Is Your House Made of Cards?
Corcoran.com lists a minuscule 267 new listings this week, the lowest number I have seen on the site. Corocoran defines a new listing as a property that has come on the market in the last seven days.Usually, four to eight hundred apartments fall in that category. Sometimes, a new development lists each unit separately and creates an unwieldy amount of new listings.
Yes, the holidays may be responsible for the lack of new listings. But people are not putting their apartments on the market these days unless they have to sell.
The November housing report tells a tough story for home sellers in a season full of tough news on all fronts. Sales of existing homes declined 8.6% and the median price declined 13% from $208K last year to $181.3K.
The article identifies the peak of the market as July 2006 when the median price hit $230K. G and I sold our apartment in May 2005.
Every report about the national housing market must be asterisked for New York City residents. The decline is happening here; it's just not the avalanche it is elsewhere. Yet. Housing Predictor.com projects a 19.4% decline in Manhattan prices in 2009.
As a buyer on the sidelines, I take all the bad news reported as good news for me. Despite cheering with those in the grandstands, I see the prices going down as a necessary correction.

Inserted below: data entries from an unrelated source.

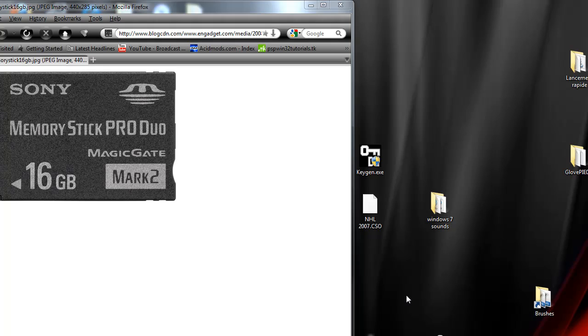To make sure you can do this trick, you need to check on your memory stick if you can see Magic Gate or Magic Gate Mark 2. If you don't see this on your memory stick, it means it's a fake one. Don't try what I'm showing you.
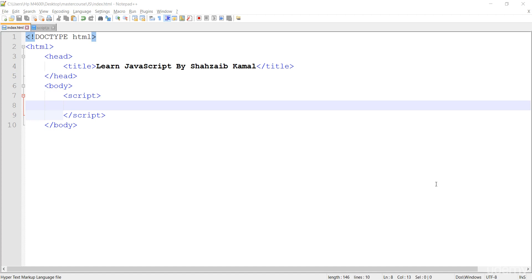Hi everyone! We've learned about a lot of things, but right now I just want to show you some more interesting things in JavaScript. We were just talking about conditions, so why not learn the switch statement, which is in the conditional group but not the if-else.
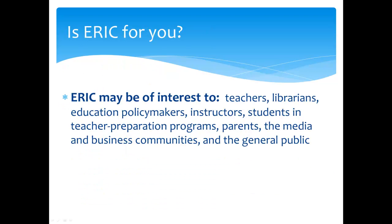Is ERIC the right database for your research needs? ERIC may be of interest to teachers, librarians, education policymakers, instructors, students and teacher preparation programs, parents, the media and business communities, and the general public.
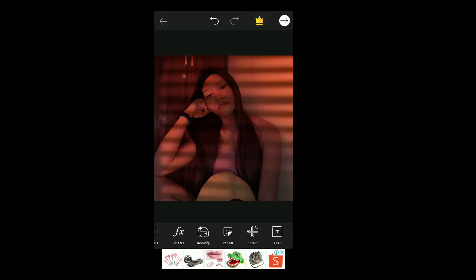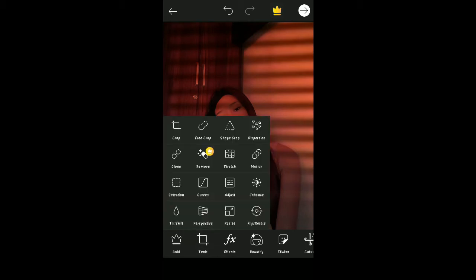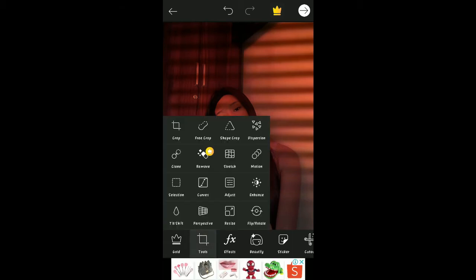If you want to crop your picture, just click on Tools, then go to Crop. There are many choices: Crop, recrop, shape crop, Dispersion, clone, remove, scratch, motion, selection, cross, adjust, enhance. Just go to Tools and then click Crop.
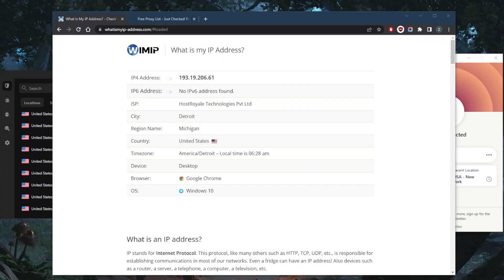How's it going, everybody? Welcome back. Today, I'm going to show you guys three effective ways to hide your IP address.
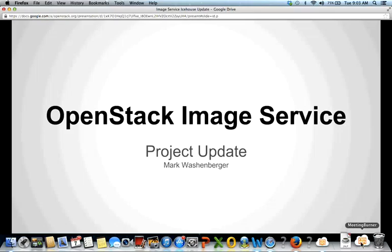Welcome to the PTL webinar series. Today we have Mark Washenberger reviewing image services, Julien Dangeau reviewing telemetry, and John Griffith reviewing block storage. We're going to have Mark go first. About 20 minutes for each speaker to review the latest for their OpenStack projects.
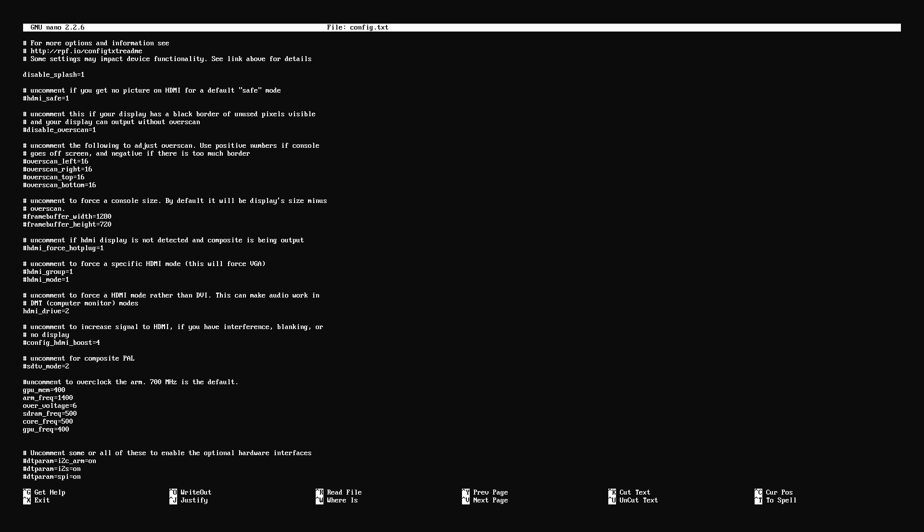But if it starts with something like this number sign hdmi, I need you to take one space in front of the number sign and press delete. But just make sure it's on the correct line. I'm just showing you that as an example. hdmi underscore drive two. That is the one, easy to delete. So when you do that, I want you to see if that worked before you do the next step.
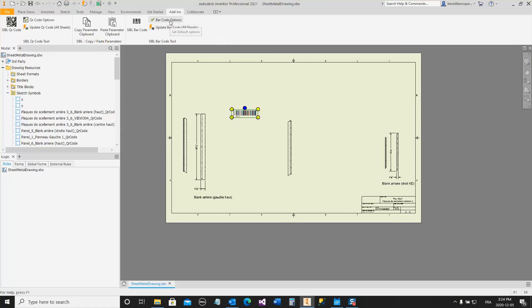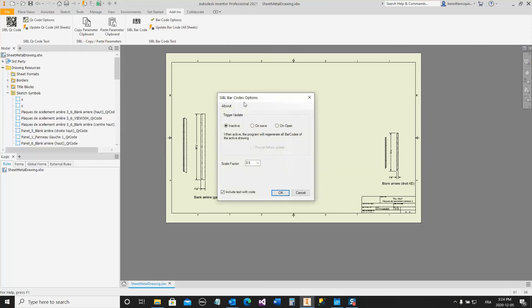You can decide to update automatically on save or on open, or you can leave it inactive. You also have a scale factor control and an option to include or not the text.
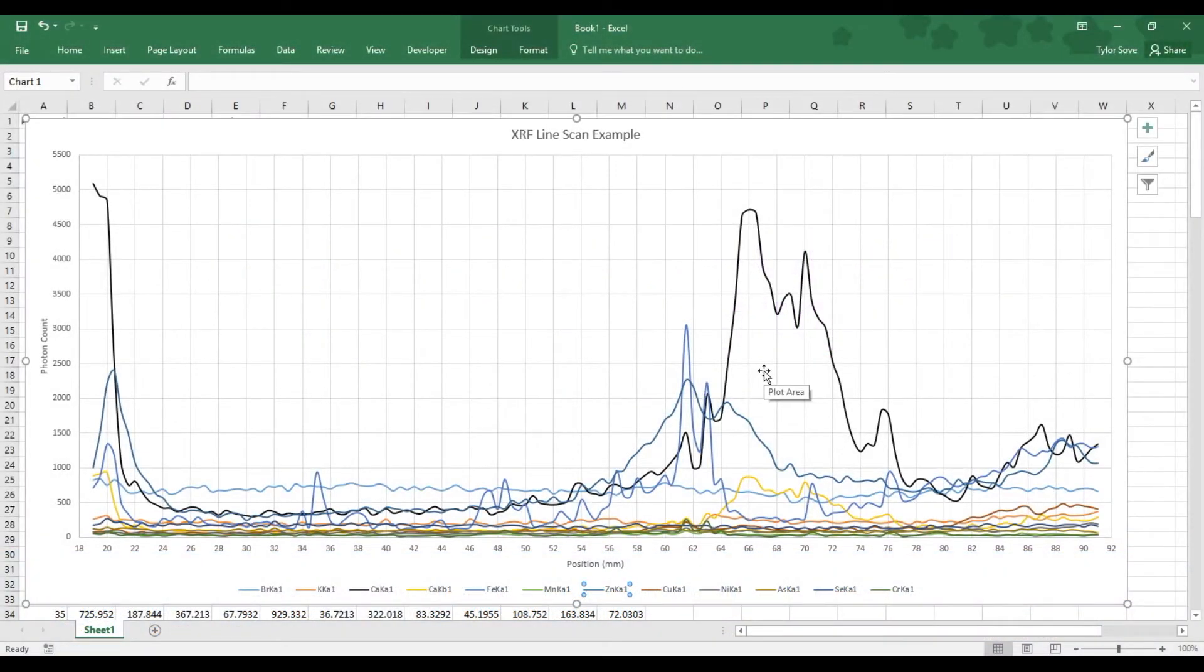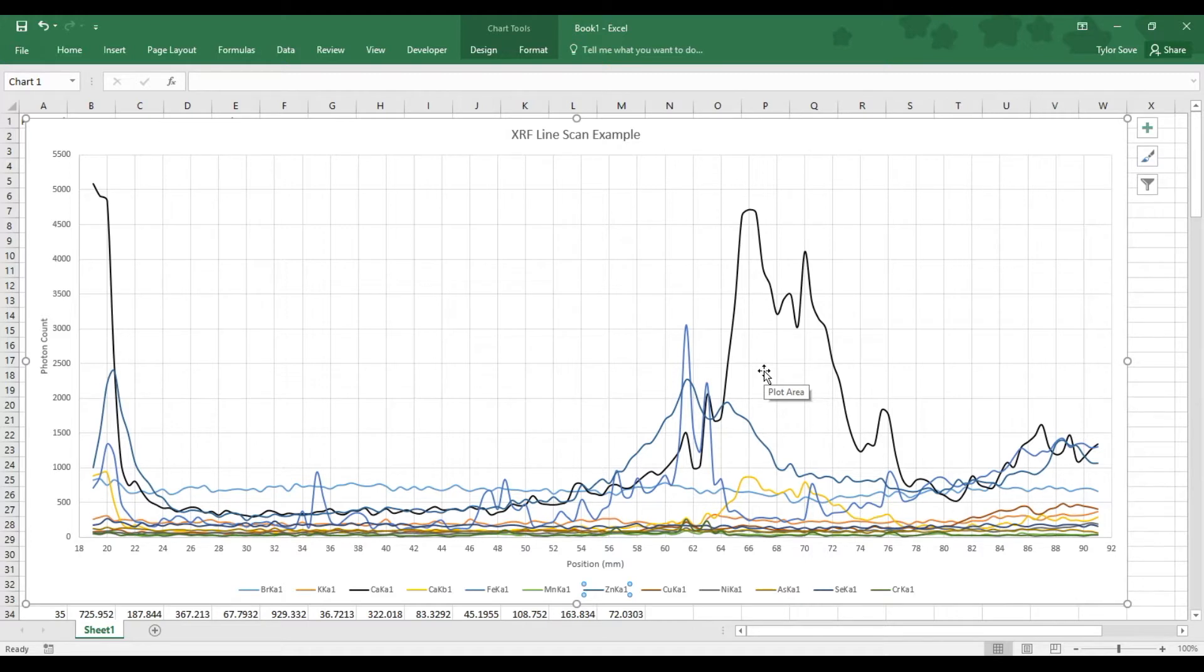Now that we have an XRF line scan in front of us, we can start going through this and identifying different features and how to understand those. We'll start by understanding the color coding and the legend.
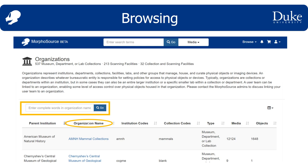As a cool addition to MorphoSource 2, you can also see how many media and objects each organization has. Remember, there can be several scans, or media, for any given object, so media is almost always higher than objects in number. This organization list also includes scanning facilities. Right now, scanning facilities are always listed as having zero media and objects, but we will be updating these soon to reflect all the media created by each facility.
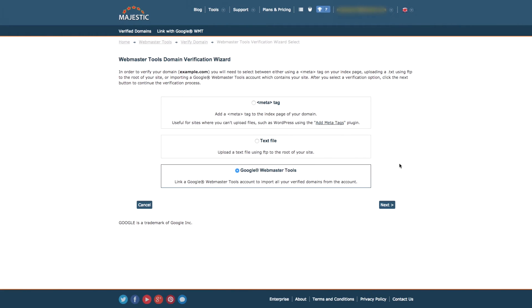All we'll ask is for you to give Majestic permission to use your Google Webmaster Tools information to retrieve a list of your verified domains and identify your account. Gold or above users can verify multiple Google Webmaster Tools accounts.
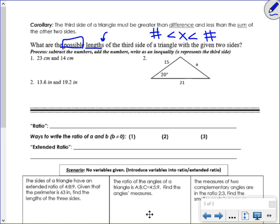Here's how you do it: subtract the two given numbers — that goes on the left side of the sandwich. Then add the two given numbers — that goes on the right side. That's all you have to do. The third side x must be strictly between those two values.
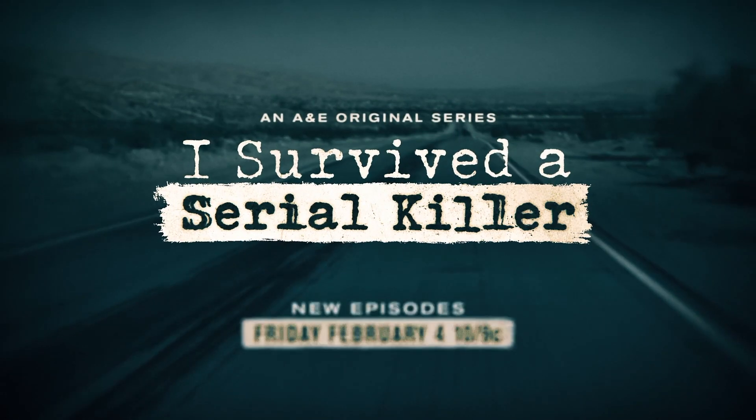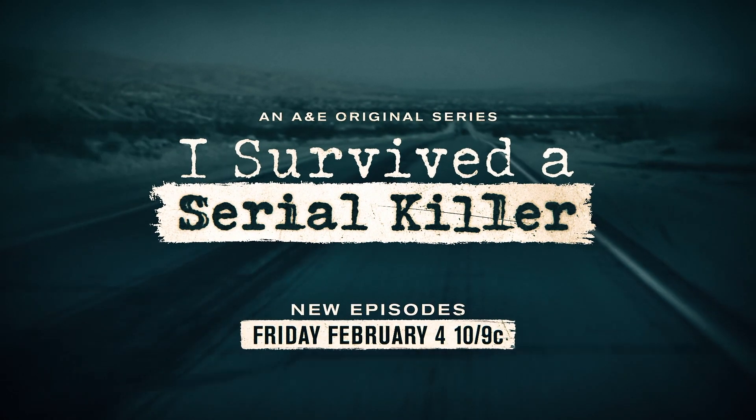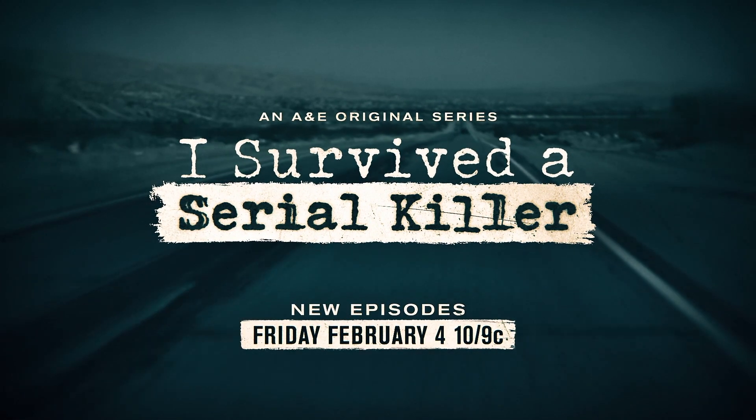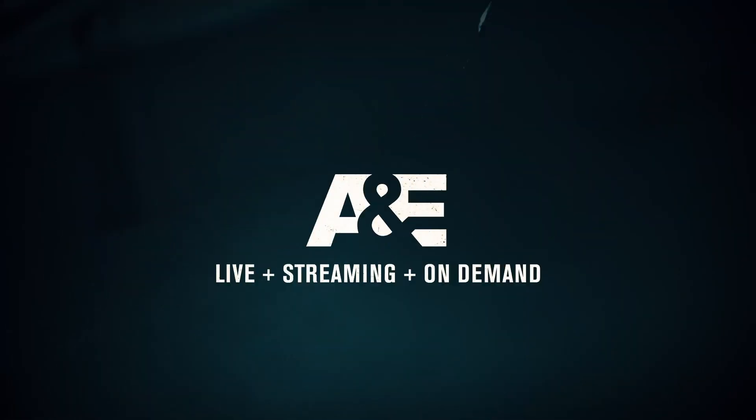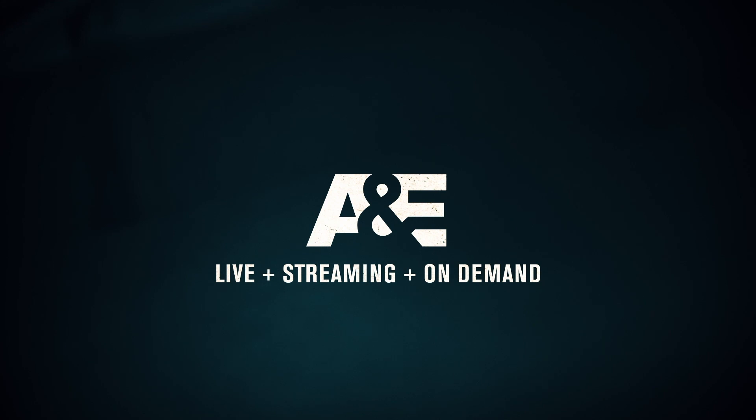I survived a serial killer. New episodes return Friday, February 4th at 10, only on A&E.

Many families have been burned in the housing build-up and crash, but prices could not continue to go higher and higher out of the reach of normal people. Million-dollar studios in Manhattan couldn't last forever. Eventually, someone must buy it as a place to live rather than an investment. Manhattan and the nation was playing a game of musical chairs. The music and all the house flipping stops and people must put their butts somewhere.